Scott Adams, the author of Dilbert, passed away last month. While his work will live on, I was curious about the best way to build a Dilbert search engine.
The first step is to extract the text. Pavan tested over half a dozen LLMs on ~30 Dilbert strips to see which one did the best.
Summary: Gemini 3 Flash does the best, and would cost ~$20 to process the entire Dilbert archive. But if you want a local solution, Qwen 3 VL 32b is the best.
| Model | Score (%) | Text (40) | Spkr (25) | Caps (15) | Panel (10) | Halluc (10) | ||
|---|---|---|---|---|---|---|---|---|
| gemini-3-flash-preview | 99.3% | 39.9 | 24.4 | 15.0 | 10.0 | 10.0 | ||
| qwen3-vl-32b-instruct | 96.0% | 39.8 | 21.6 | 15.0 | 9.9 | 9.7 | ||
| llama-4-maverick | 85.1% | 38.5 | 16.3 | 13.2 | 9.1 | 8.1 | ||
| llama-4-scout | 84.1% | 39.0 | 16.4 | 12.5 | 8.7 | 7.5 | ||
| gemma-3-27b-it | 81.3% | 37.8 | 13.1 | 14.4 | 8.4 | 7.6 | ||
| nemotron-nano-12b-v2-vl-free | 81.3% | 38.6 | 13.1 | 14.4 | 8.5 | 6.6 | ||
| molmo-2-8b-free | 70.4% | 36.2 | 16.4 | 0.5 | 8.8 | 8.4 |
That accuracy of 99.3% is impressive. Here's the biggest error it made:
Can you spot the error? The model attributed the text to Dogbert instead of the computer. (But you could argue that Dogbert is the one typing it...)
Here's another error:
Can you spot the error? In Panel 2, it's Dilbert speaking, not Dogbert.

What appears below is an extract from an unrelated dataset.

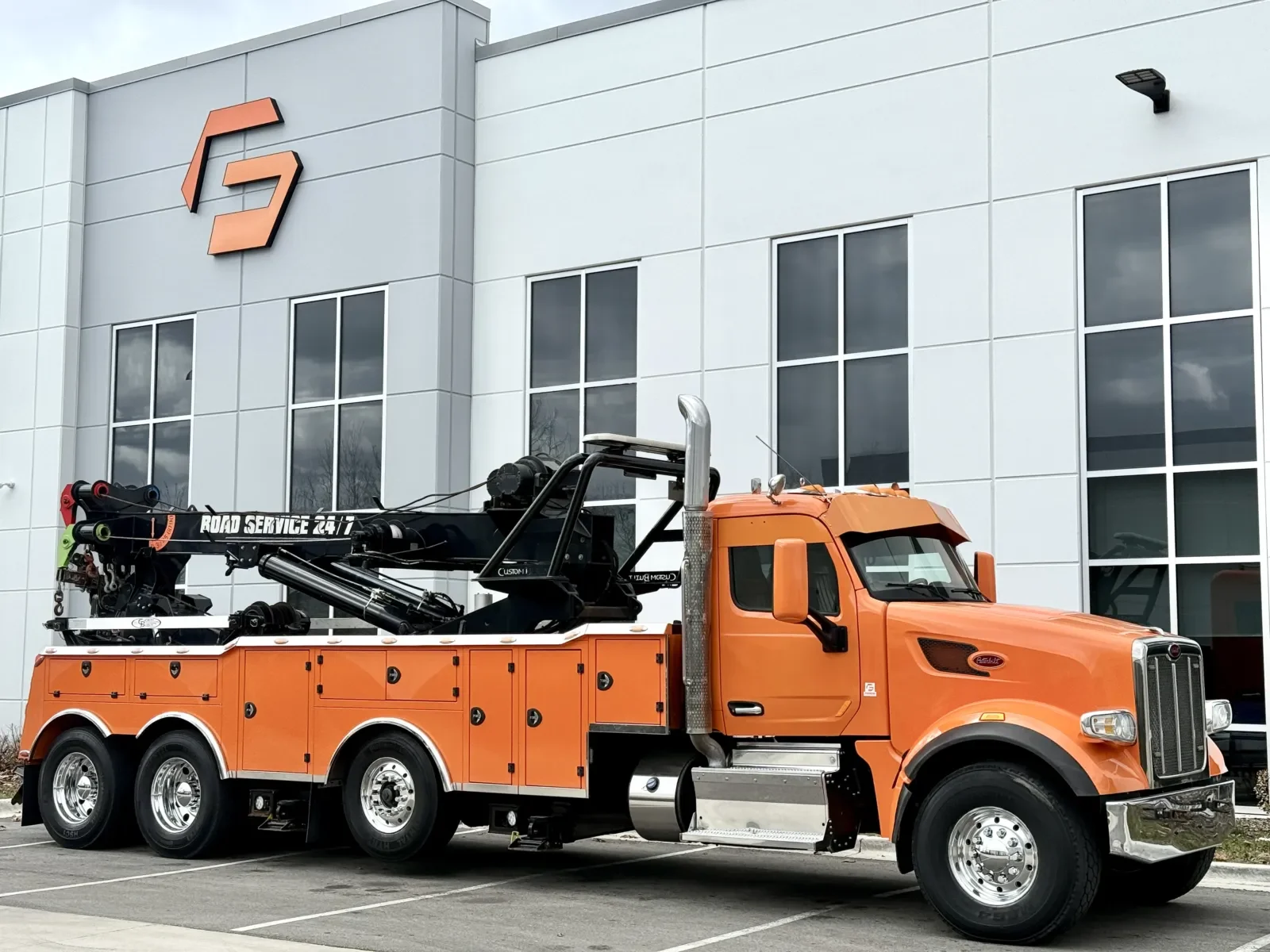 2017 Peterbilt 567 in New Lenox, IL — photo 2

In fact, the only transcription error Gemini 3 Flash made was writing "McDONALD'S" instead of "MCDONALD'S" (see panel 2), and not hyphenating a line-break in "PRESEN-TATION" (see panel 4).

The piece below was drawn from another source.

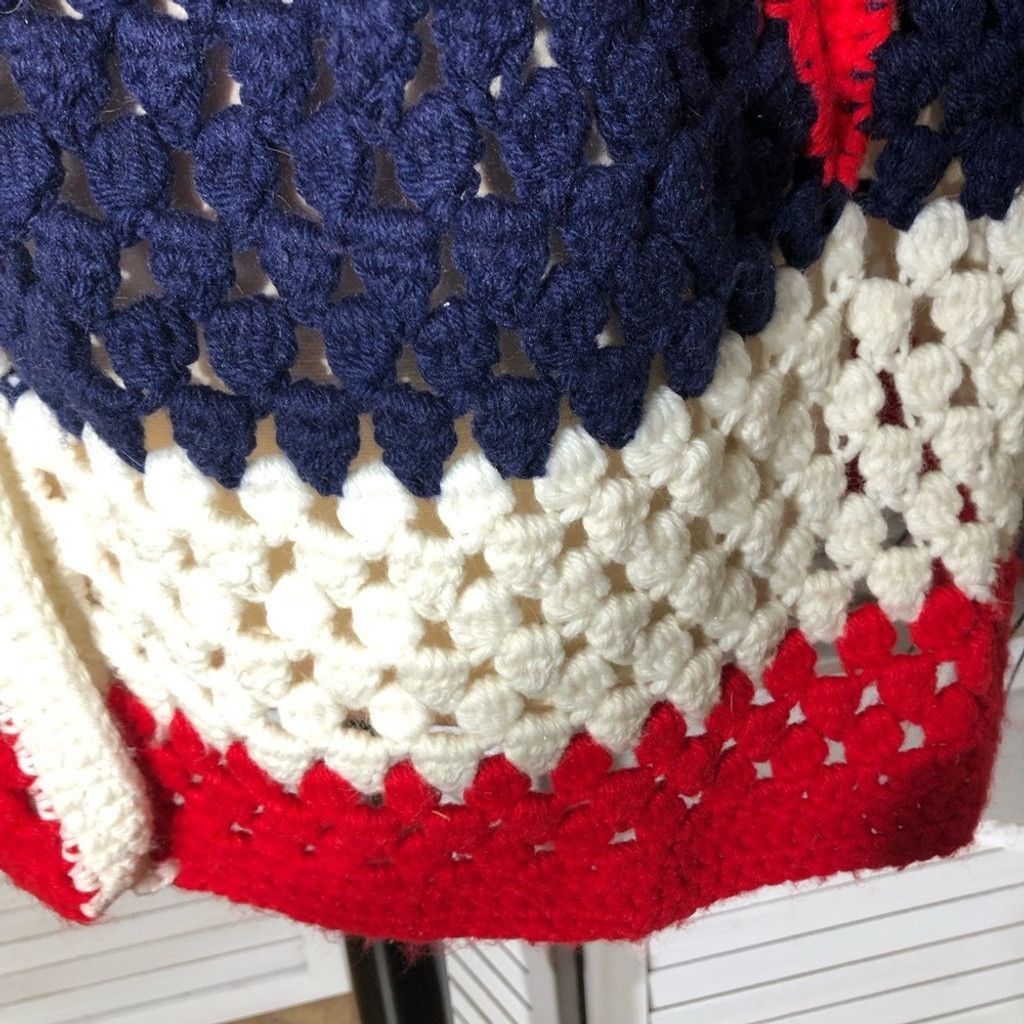 Vintage 90s grandma' crocheted poncho wrap cape wool red white XL Size L / US 10 / IT 46 - 9 Thumbnail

Qwen 3 VL 32b made almost as few errors. The bigger gap is in speaker detection, where the models fall of steeply.
I spent 7 years typing out every one of the ~3,000 Calvin & Hobbes strips by hand. For these ~12,000 Dilbert strips, it might take a few hours and a few dollars for the same.